EXERCISE REQUIREMENTS ▸ Repeat verbatim each line from the line with "Turbonetics Silicone Coupling Adapters" to the end of the entries. Pictures do not belong in the copy.
*** Opening of GIVEN DATA ***
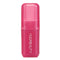 Blush Filter - # Strawberry Cream - 4.5ml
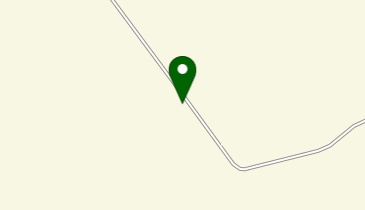 芳田工業所の地図画像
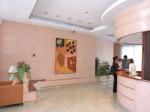 CYE Salou Apartments Picture 2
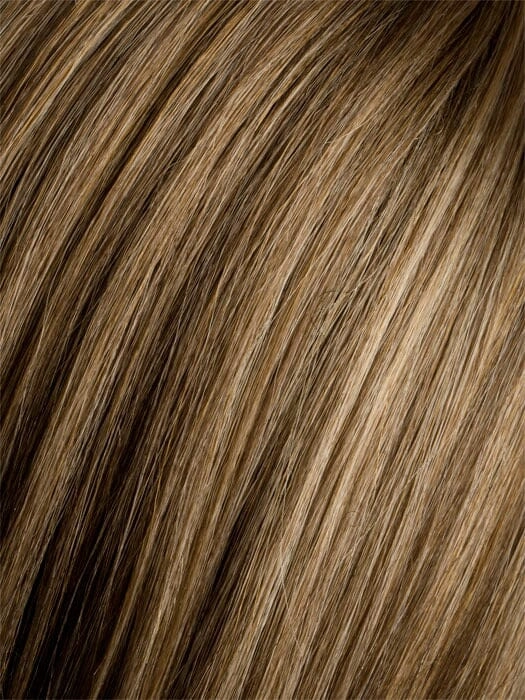 Accessories_Ellen Wille_Wigs Code Mono Synthetic Wig by Ellen Wille
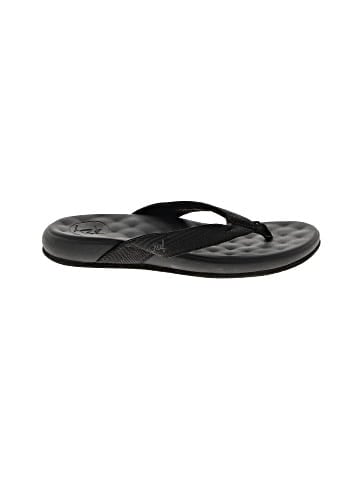 Reef Flip Flops (view 1)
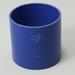 Turbonetics Silicone Coupling Adapters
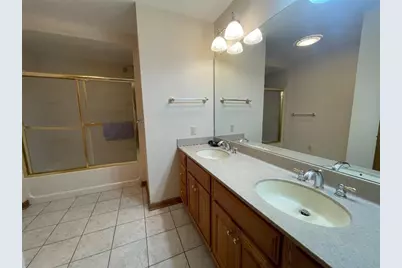 1445 Winterberry Ct #2B, Hermitage, PA 16148 - Photo 25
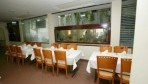 Days Inn 05-étterem.jpg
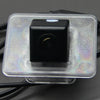 Kia Optima 1 x Rear View Backup Parking Camera (2011–2013)
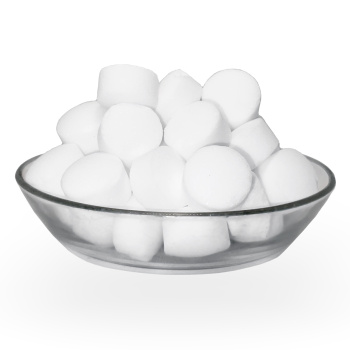 Rasal® Regeneriersalz Tabletten 25 kg – EN 973...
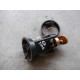 Boia de Combustivel BMW E36 325tds 1 182 842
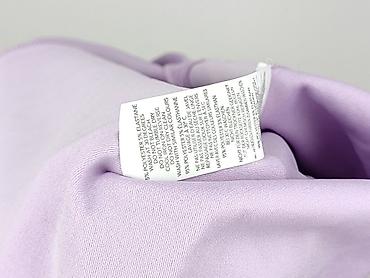 jak ta lala: Nasty Gal, Sukienka damska, rozmiar S — 6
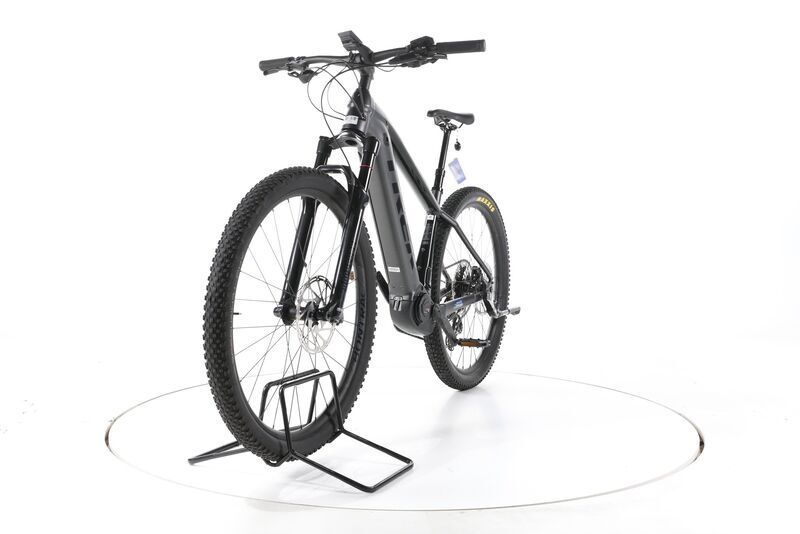 Trek Powerfly 7 2023 | sort | 29" | M | 500 - 3000 km, image 5 of 5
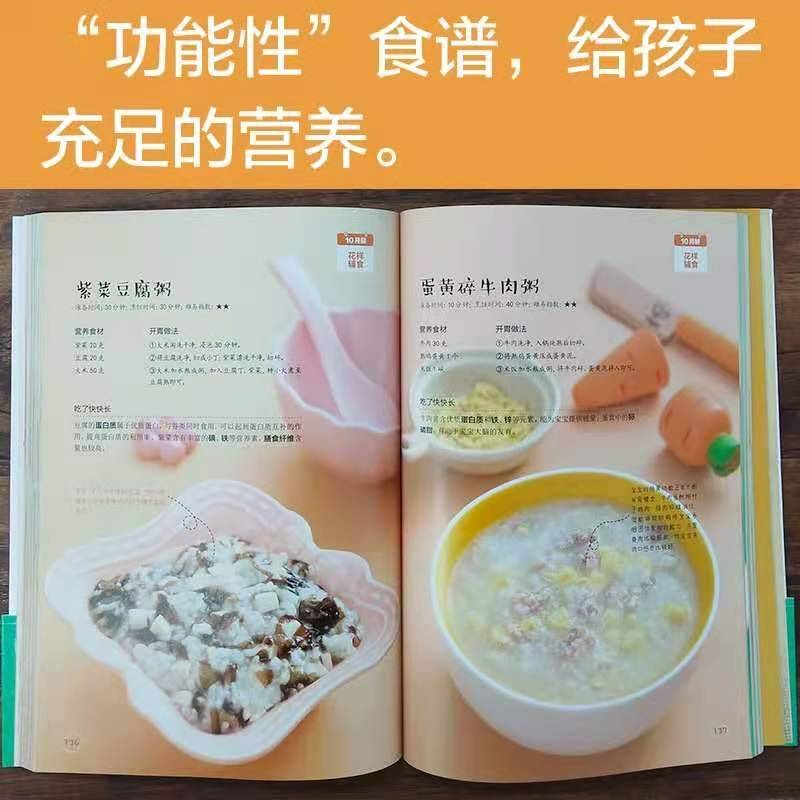 一岁宝宝辅食食谱书 b339e03446d14da0a23ed42324fb702d.jpeg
*** Close of GIVEN DATA ***
YOUR SOLUTION ▸
 Turbonetics Silicone Coupling Adapters
 1445 Winterberry Ct #2B, Hermitage, PA 16148 - Photo 25
 Days Inn 05-étterem.jpg
 Kia Optima 1 x Rear View Backup Parking Camera (2011–2013)
 Rasal® Regeneriersalz Tabletten 25 kg – EN 973...
 Boia de Combustivel BMW E36 325tds 1 182 842
 jak ta lala: Nasty Gal, Sukienka damska, rozmiar S — 6
 Trek Powerfly 7 2023 | sort | 29" | M | 500 - 3000 km, image 5 of 5
 一岁宝宝辅食食谱书 b339e03446d14da0a23ed42324fb702d.jpeg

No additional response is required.